Chamberlain, Erika A. L., Solomon, Robert M., Canadian Journal of Public Health


ABSTRACT

Despite the progress made between the early 1980s and the mid-1990s, traffic crashes remain the single largest cause of death among 15-24 year old Canadians. In recent years, approximately 45% of these deaths have been alcohol-related and, no doubt, additional youth crash deaths are drug-related. While young people are significantly overrepresented in impairment-related deaths as drivers, their overrepresentation is even greater as passengers, pedestrians, bicyclists, and users of recreational vehicles.
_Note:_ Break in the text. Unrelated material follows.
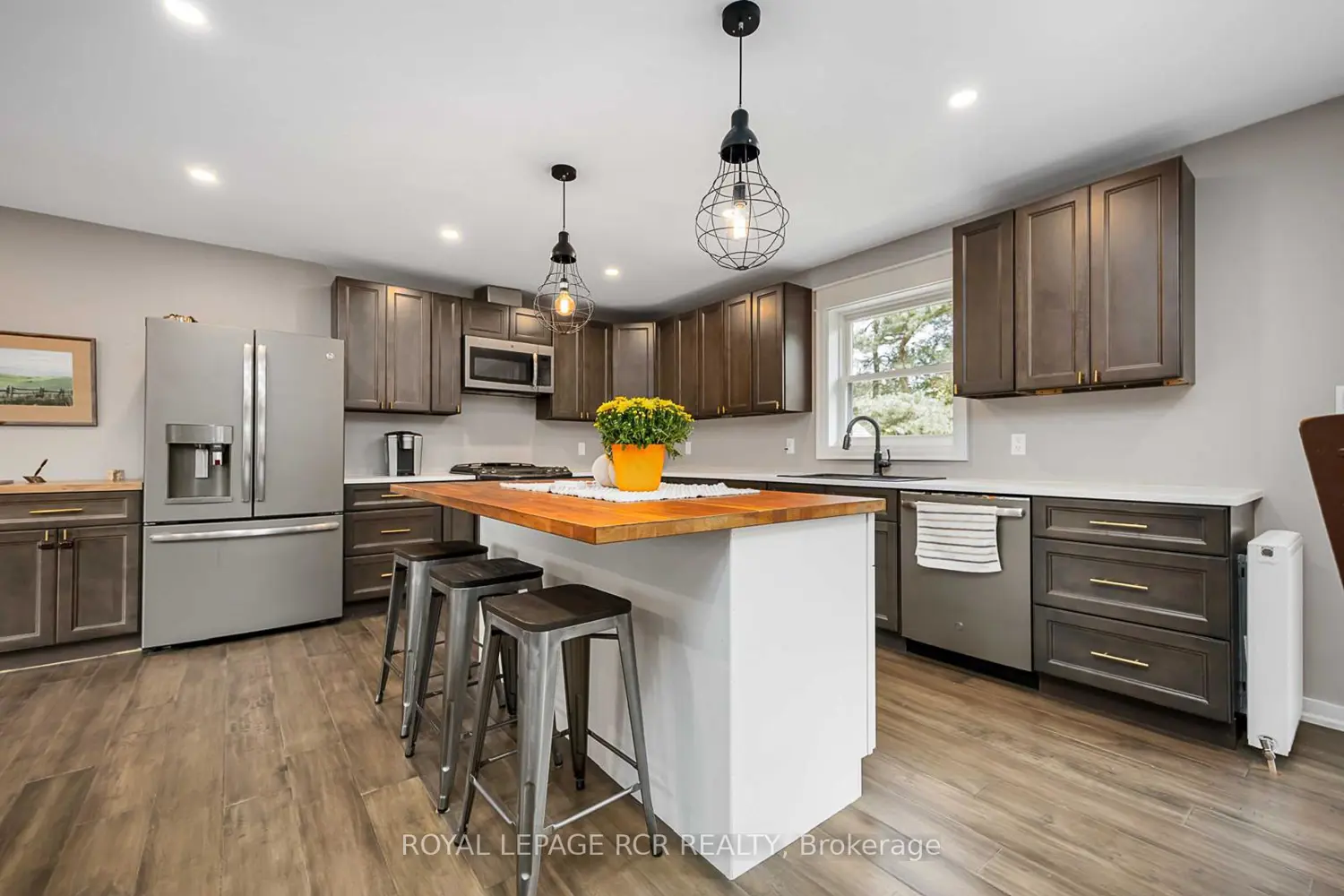 Additional image 16 of 4143 Vivian Road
These crashes are not simply a function of young people's immaturity and lack of driving experience; they also reflect young people's hazardous patterns of alcohol and drug use.
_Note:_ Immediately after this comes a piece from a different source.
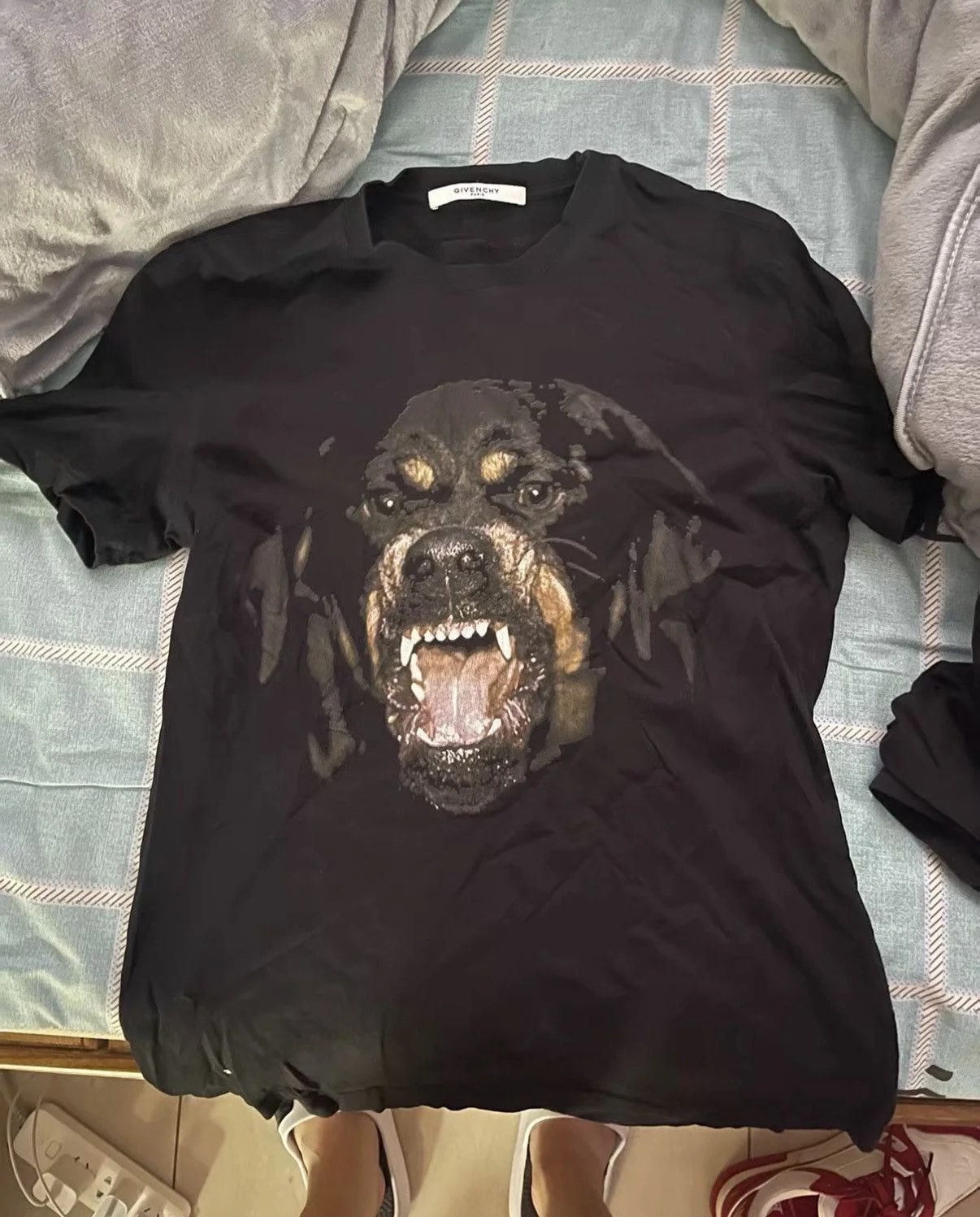 Givenchy — Givenchy Roitweller Rottweiler T Shirt — streetwear — resale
Under the Canadian constitution, the provinces have extensive legislative authority over driver and vehicle licensing, traffic enforcement, liquor licensing, and off-premise alcohol sales. Moreover, research in Canada and abroad has identified legislative initiatives that can significantly reduce impairment-related youth traffic deaths. Consequently, the provinces are well positioned to protect Canadian youth from such preventable harm. The provinces need to adopt a broad approach, including a comprehensive graduated licensing program, a zero blood-alcohol restriction on drivers under 21, enhanced police powers, and more rigorous enforcement of the existing licensing legislation.
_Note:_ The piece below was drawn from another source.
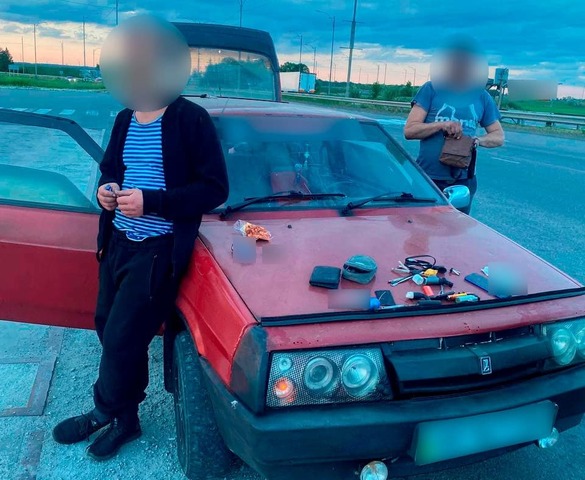 У Черкаській області чоловік перевозив в авто наркотики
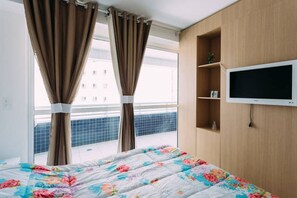 Apartment | Dihias secara berasingan, langsir/tirai gelap terus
Key words: Alcohol consumption; motor vehicles; traffic accidents; youth

RÉSUMÉ

Malgré une amélioration du bilan routier entre le début des années 1980 et le milieu des années 1990, les accidents de la route demeurent la principale cause de décès chez les Canadiens de 16 à 24 ans. Ces dernières années, environ 45 % des décès de la route dans cette population étaient liés à l'alcool, et d'autres étaient certainement liés à la drogue. Les jeunes sont considérablement surreprésentés dans les décès de la route l'affaiblissement des facultés est en cause, non seulement en tant que conducteurs, mais plus encore en tant que passagers, piétons, cyclistes et utilisateurs de véhicules récréatifs. Ces accidents ne s'expliquent pas simplement par le manque de maturité et d'expérience de conduite des jeunes; ils traduisent aussi leurs habitudes dangereuses en matière de consommation d'alcool et de drogue.

En vertu de la Constitution canadienne, l'immatriculation des conducteurs et des véhicules, les règlements de la circulation, la réglementation des alcools et les ventes d'alcool à l'extérieur relèvent largement de la compétence des provinces. Or, des études au Canada et à l'étranger ont répertorié des mesures législatives qui peuvent réduire de façon importante les décès de la route liés à l'affaiblissement des facultés chez les jeunes. Par conséquent, les provinces sont bien placées pour protéger les jeunes Canadiens contre ces méfaits évitables. Elles doivent adopter une approche élargie, y compris un programme intégré d'immatriculation par étapes progressives, un taux d'alcoolémie nul pour les conducteurs de moins de 21 ans, des pouvoirs policiers renforcés et une exécution plus rigoureuse des lois existantes sur l'octroi de permis.

Mots clés : consommation d'alcool; véhicules automobiles; accidents de la route; jeunes

The world was horrified by the events that unfolded at Virginia Tech in April 2007. In a few hours, 27 students and 5 faculty were killed, and another 25 were injured, before the gunman committed suicide. In the following days, fingers were pointed at those who might have prevented the shootings. Some blamed the university for its inadequate response;1 some blamed a system that allowed the shooter to purchase semiautomatic pistols within two years of being declared mentally unsound;2 and some blamed the university's "gun free" policy, which prevented others from carrying guns that might have been used to stop the shooter earlier.3 Following the tragedy, both state and federal politicians took steps to prevent a recurrence.